Oggi una forma di democrazia diretta regola un movimento politico in Italia, il M5S, una forza che alle ultime elezioni politiche ha preso il 25% dei voti, facendo rete sul territorio, sul web e rilanciando l’idea di una partecipazione diretta da parte del cittadino. Oggi gli eletti al Parlamento si muovono interrogando la rete e raccogliendo i suggerimenti che vengono dai meetup. Cosa sono i meetup? Molto semplice, si tratta di piattaforme social media, in grado di associare e far incontrare mediante il web, forme di intelligenza e opinioni di milioni di persone. Attraverso i social media è possibile aggregare opinioni e pareri, condividere leggi, documenti, iniziative popolari, petizioni e tanto altro, tutte cose da sottoporre al giudizio dei cittadini che attraverso le loro proposte concorrono a creare i programmi elettorali e far votare le leggi. L’idea della democrazia diretta è particolarmente osteggiata da chi è abituato da anni a delegare il tutto a dei rappresentanti, persone che la maggior parte delle volte tradiscono i programmi e le volontà dei loro stessi elettori. Proviamo a fare degli esempi concreti per cercare di fare chiarezza sul significato di democrazia diretta. Il nome del Professor Stefano Rodotà uscì da una consultazione online sul blog di Beppe Grillo, i votanti erano gli iscritti certificati al blog che indicarono il giurista come candidato alla Presidenza della Repubblica. I cittadini eletti, al momento del voto in aula rispettarono l’indicazione  ricevuta dai propri attivisti, venuta dalla rete. Il PD al contrario si riunì e decise di scegliere come candidato Franco Marini, poi uccellato, con la base che chiedeva ai parlamentari di convergere su Rodotà, richiesta ignorata, in seguito impallinarono Prodi e optarono assieme alle altre forze politiche (escluse Sel, M5S, Lega e Fratelli d’Italia) per la rielezione di Giorgio Napolitano. Altro esempio: votazione sull’abolizione del reato di clandestinità. I cittadini pentastellati hanno ricevuto l’indicazione direttamente dal voto popolare, un filo diretto che fa della consultazione della base uno dei princìpi basilari.

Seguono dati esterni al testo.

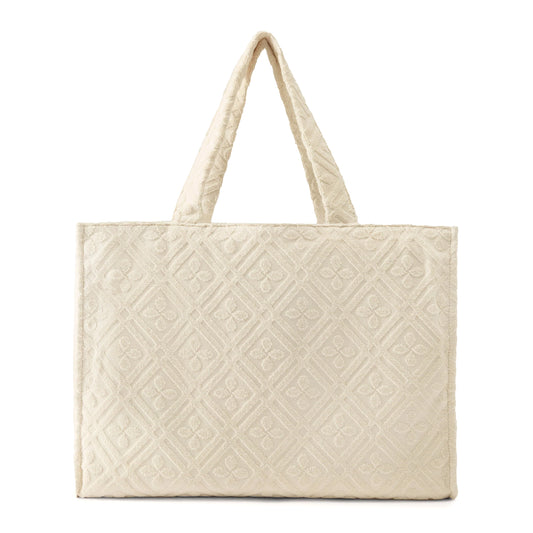 Rocamar Terry Tote - Parchment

Non si è trattato di sconfessare il post di Grillo che rimproverò i due senatori rei di aver sbagliato il metodo che tagliava fuori la base, ma il recente voto ha dato un’indicazione chiara, votata da migliaia di persone che hanno indicato la via. Democrazia diretta significa poter partecipare all’approvazione dei bilanci comunali (bilancio partecipato), disporre di un’amministrazione open, poter indire un referendum consultivo ed abrogativo senza quorum o comunque con quorum  ridotto, portare leggi di iniziativa popolare – oggi è possibile presentarle solo dopo aver raccolto 50.000 firme- proposte che poi vengono accantonate dal Governo, ignorate o bocciate. Negli statuti comunali esiste già la possibilità di indire referendum, la democrazia diretta potrebbe permettere al popolo sovrano di concordare e programmare assieme al Sindaco determinati progetti in diversi ambiti, aprire il Comune al popolo, renderlo una casa di vetro, farli partecipare attivamente mediante deliberazioni (è possibile farlo non sono pazzo), insomma diminuire la distanza che oggi separa il cittadino dalle istituzioni. La dilagante corruzione e il non rispetto dei programmi elettorali, dimostra quanto sia in crisi l’attuale tenuta del sistema democratico, nessuno pensa di sovvertire la democrazia, ma le nuove tecnologie permettono di ipotizzare un’ampia partecipazione del cittadino alla vita democratica, senza delegare nessuno. È nato così un dibattito stimolante e acceso che ipotizza una e-democracy, una democrazia basata sul voto elettronico che preveda un’ampia partecipazione. La Svizzera è il paese che oggi meglio rappresenta l’idea di democrazia diretta, ma non è l’unico paese dove si esercita tale forma di democrazia. Lo stesso Barack Obama ha utilizzato di recente il sistema del recall ( revoca mandato) per rimuovere un eletto che non rispettava il mandato e tutto questo su indicazione degli elettori.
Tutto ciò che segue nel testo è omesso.